**YOUR ASSIGNMENT**
Everything in the records except the pictures must be copied out exactly.

**RECORDED DATA**

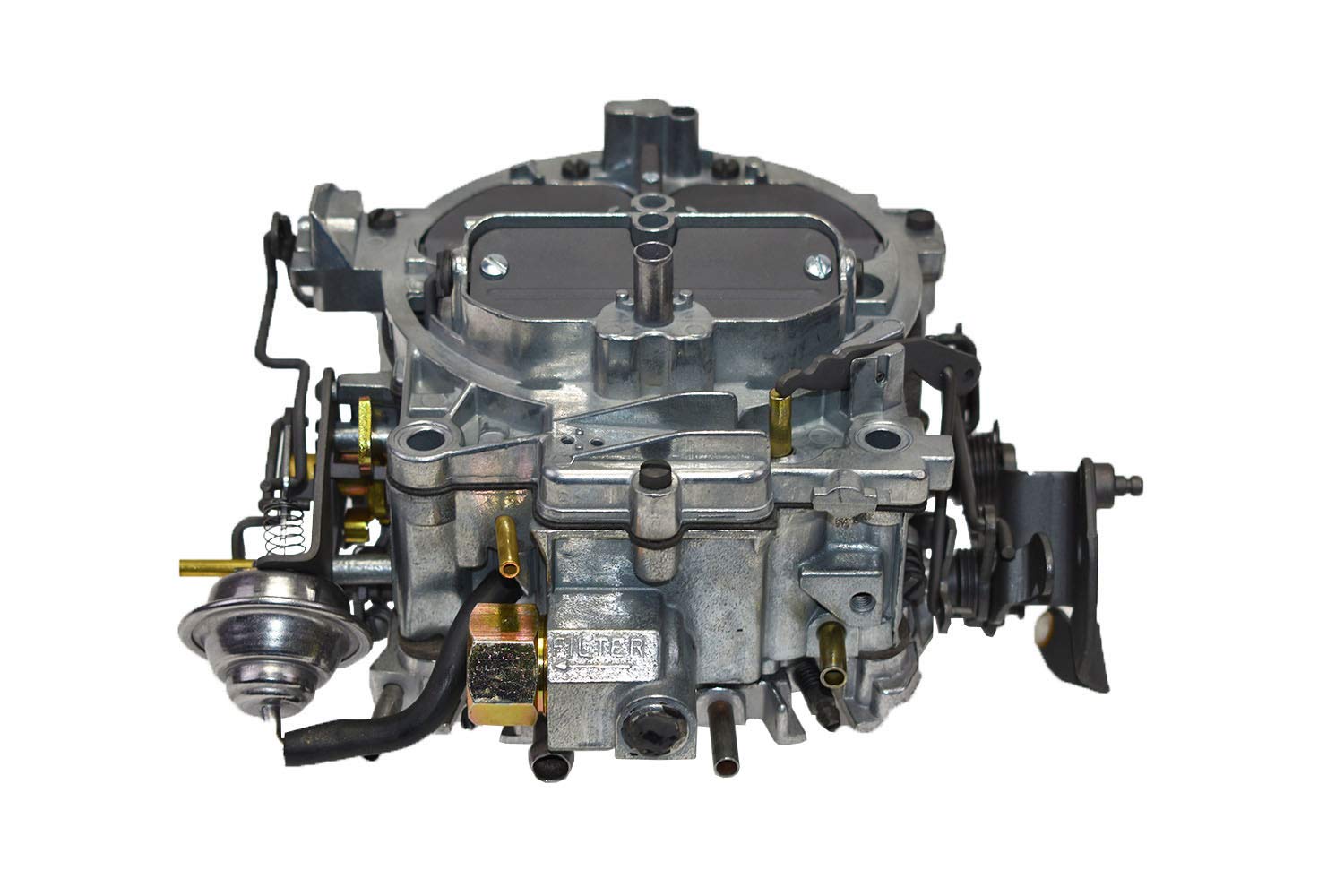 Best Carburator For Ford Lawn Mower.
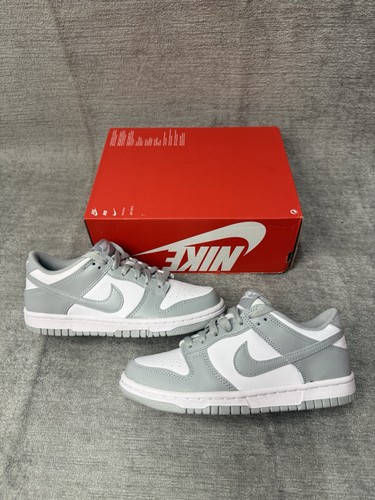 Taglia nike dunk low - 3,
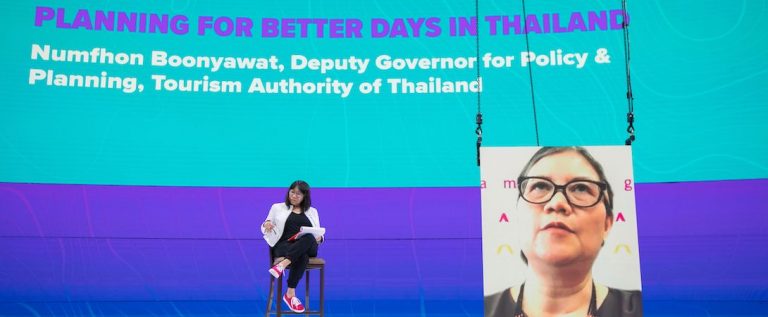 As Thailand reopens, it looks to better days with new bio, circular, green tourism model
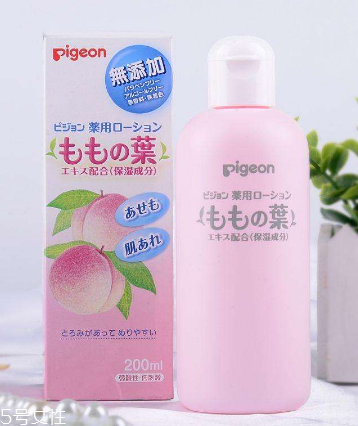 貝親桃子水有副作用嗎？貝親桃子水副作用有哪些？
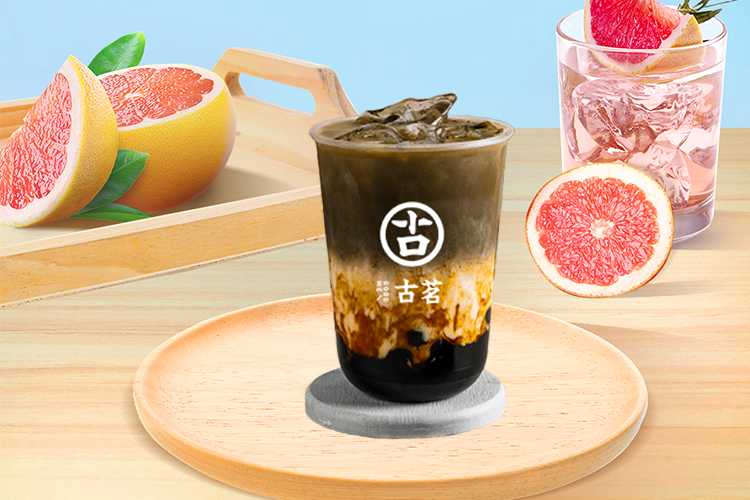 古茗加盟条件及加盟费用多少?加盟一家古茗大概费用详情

**SOLUTION FOR THIS PROBLEM**
 Best Carburator For Ford Lawn Mower.
 Taglia nike dunk low - 3,
 As Thailand reopens, it looks to better days with new bio, circular, green tourism model
 貝親桃子水有副作用嗎？貝親桃子水副作用有哪些？
 古茗加盟条件及加盟费用多少?加盟一家古茗大概费用详情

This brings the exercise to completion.